Jeppe Rindom, CEO and Co-Founder, Pleo:
“Automation and “agentification” will redefine the fintech landscape. Most of what’s considered operational today will be handled by intelligent systems, from finance ops to customer support. That playing field will level and expectations will rise.
“To stand out, companies will need to inject identity – the one thing only humans can create. That could be through exceptional product design and user experience, considered use of human touchpoints where emotion and trust matter most, or the depth in which problems are solved for customers, not just how fast they can be solved.
“As the average becomes automated, greatness will come from creativity, clarity and crafting products and experiences that still feel unmistakably human.”

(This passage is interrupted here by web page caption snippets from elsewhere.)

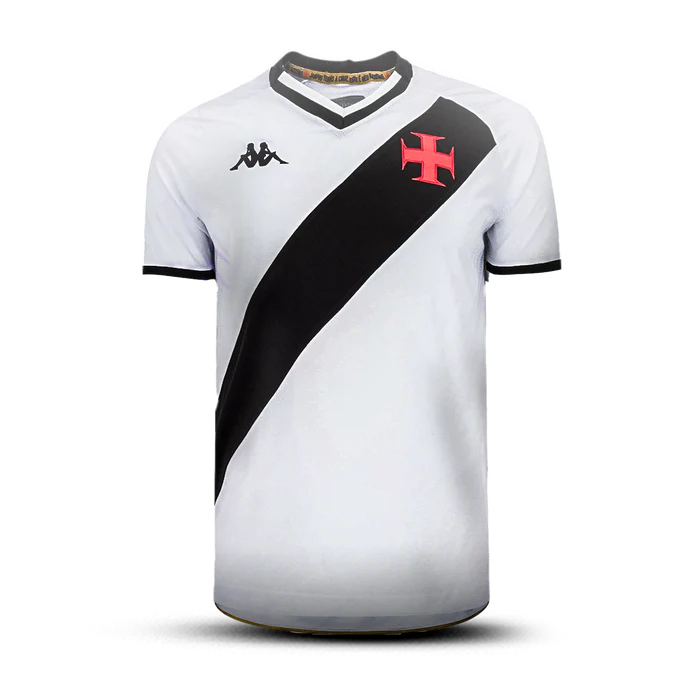 Camisa do Vasco Away 2025/2026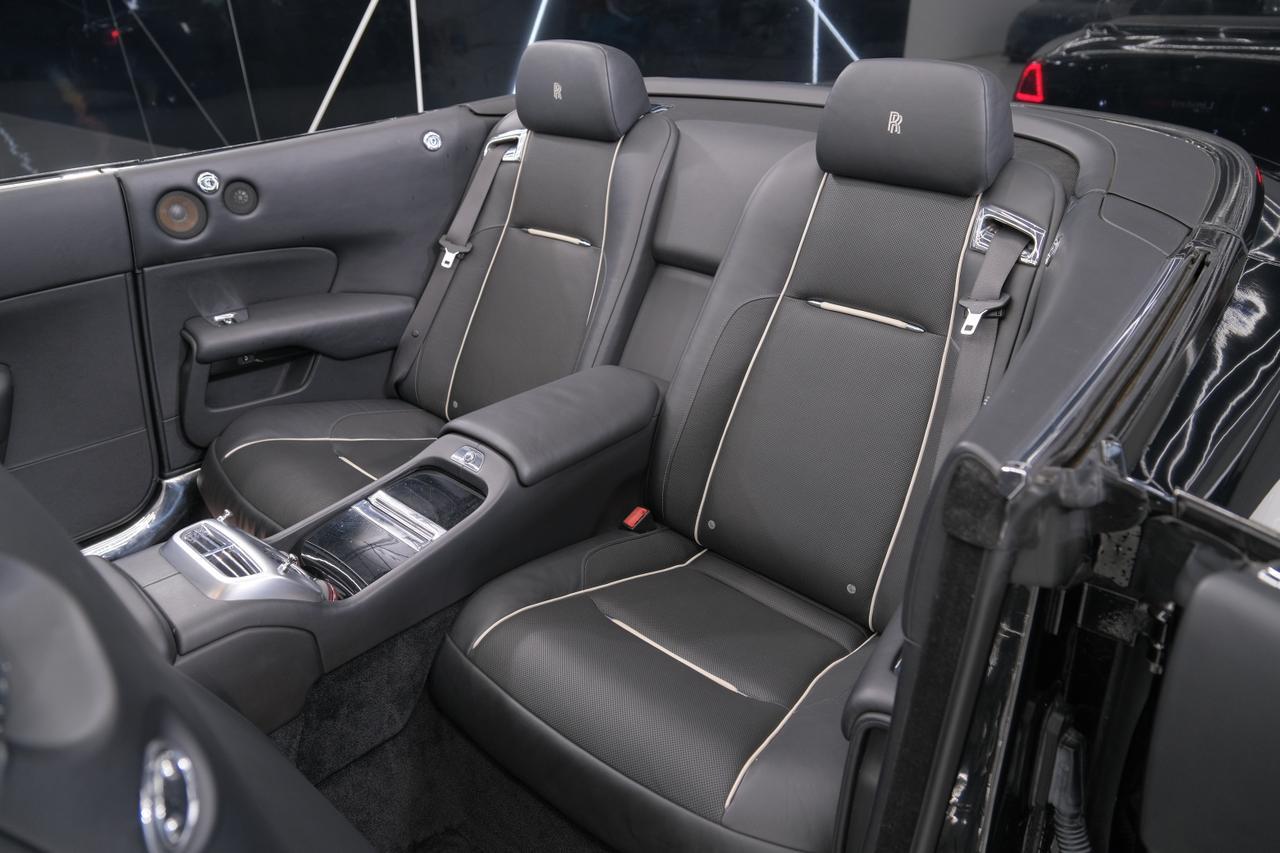 2016 Rolls-Royce Dawn Base Miami FL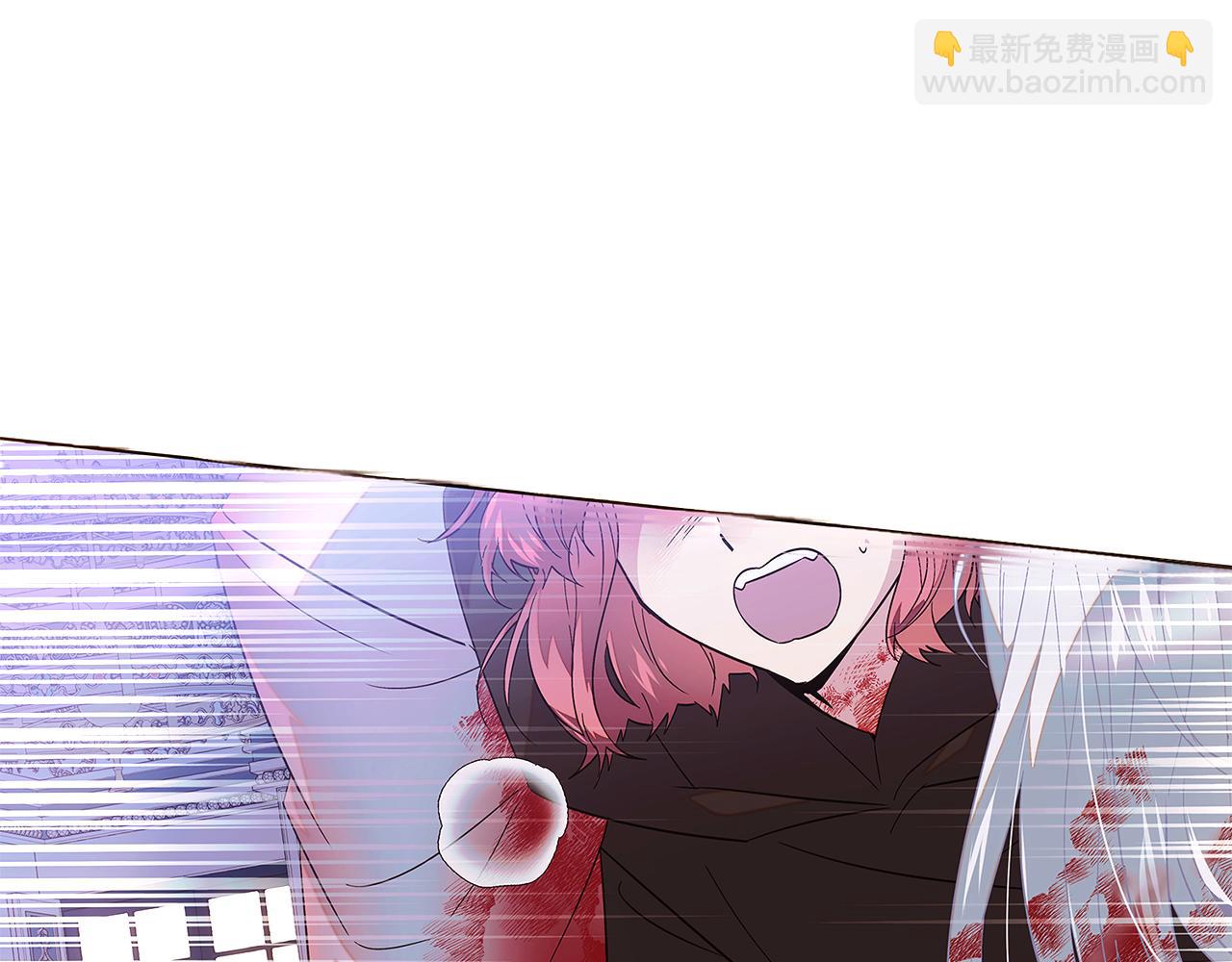 第108话 身受重伤(1/5)-第110话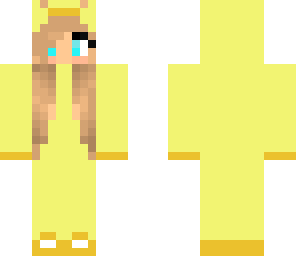 duck girl 5 likes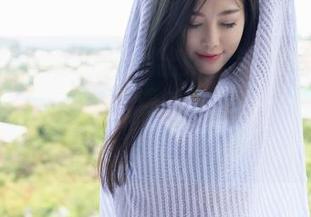 IMiss爱蜜社 - 原图出炉：这次张思允Nice的更新，裤里光滑的丝质感，让人无意中联想了很多。
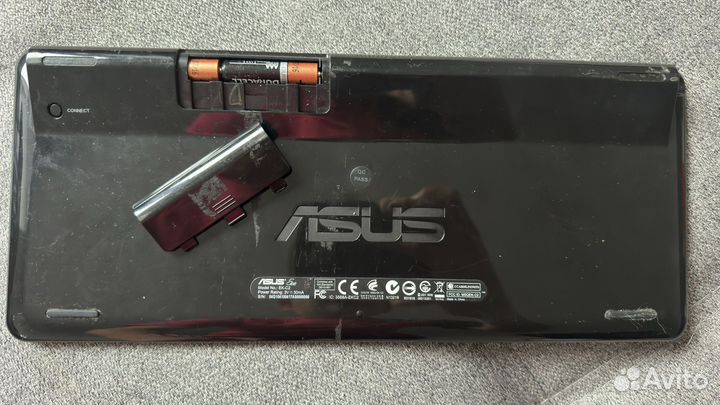 Клавиатура беспроводная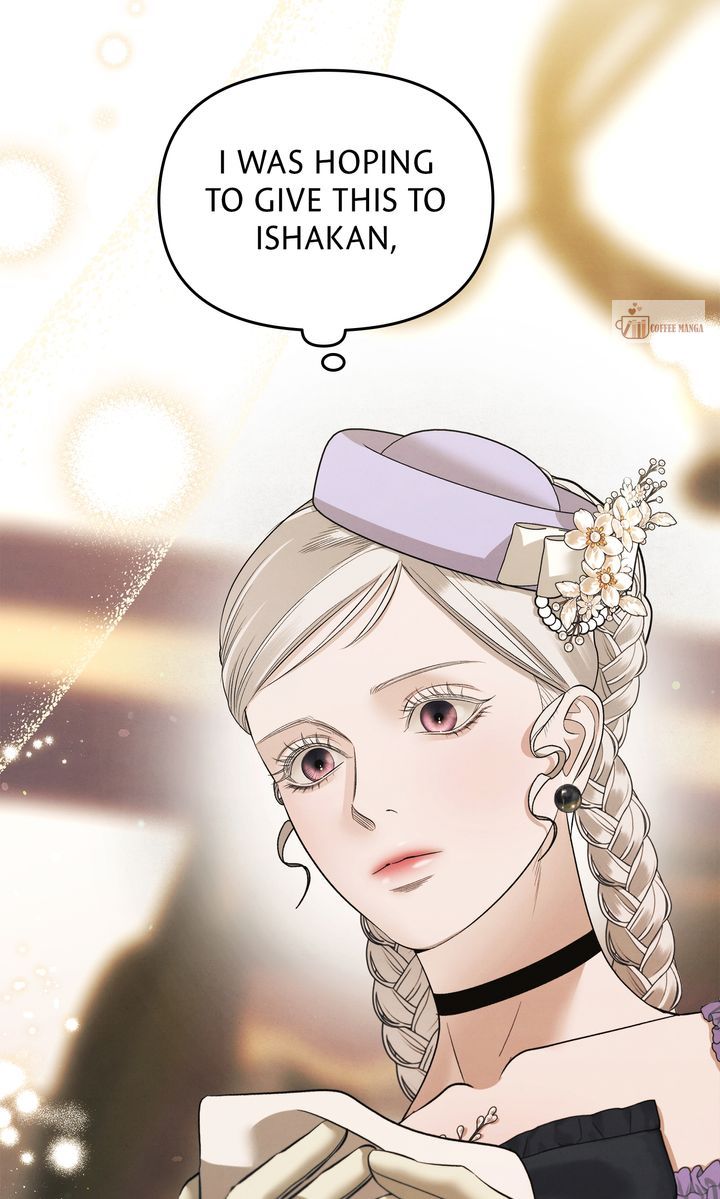 Predatory Marriage, Chapter 41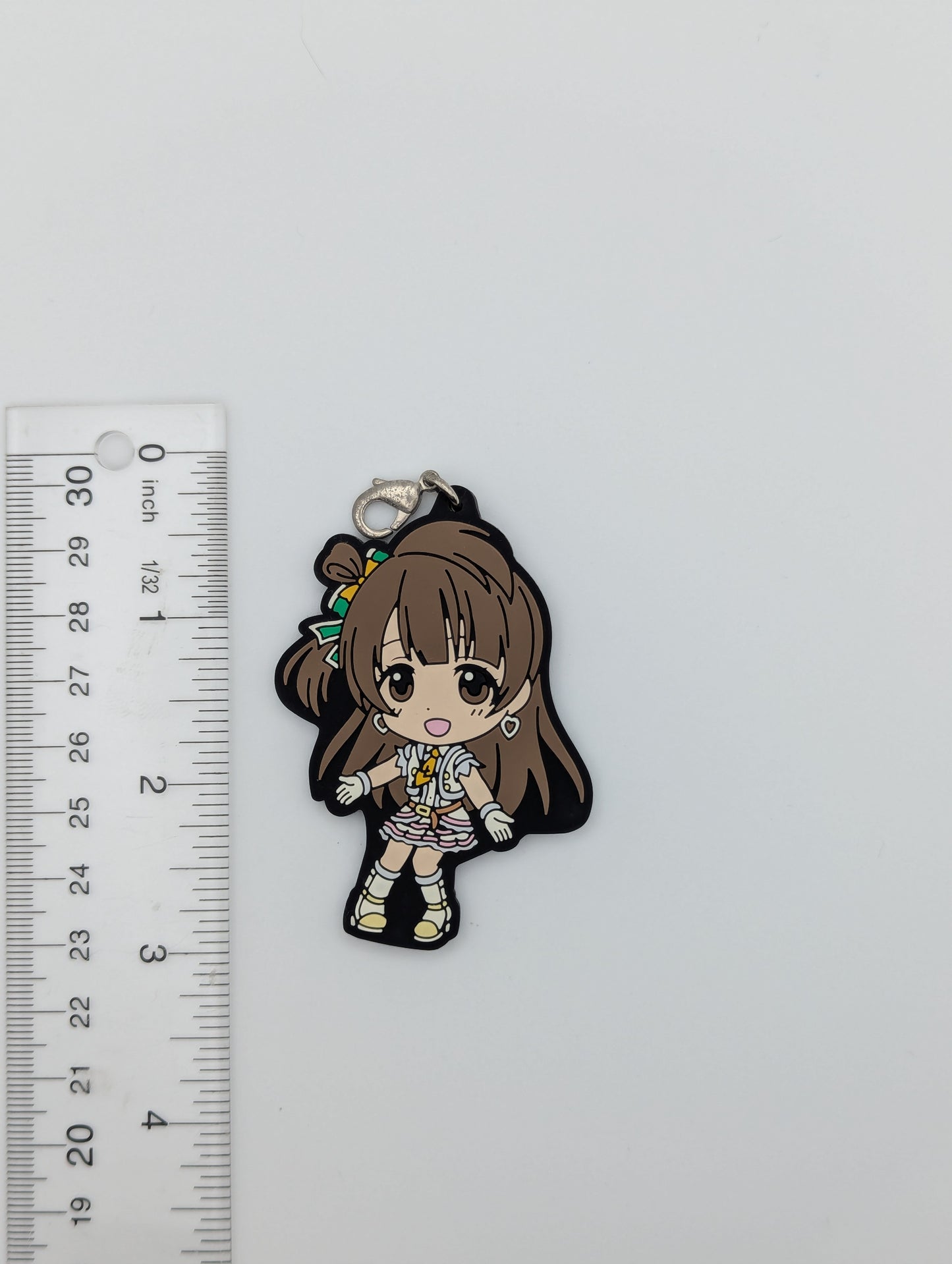 Kotori Minami Love Live Rubber Strap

What’s on the horizon for financial services?
With 2026 well underway, financial services is moving decisively from reaction to reinvention. The firms that pull ahead will be those that treat resilience as a design principle, use intelligent automation to strengthen operations, and adapt their service models to a more demanding, always-on world.
The next era of finance will be defined by trust, modernisation and operational strength, with technology no longer just enabling the business, but underpinning its survival.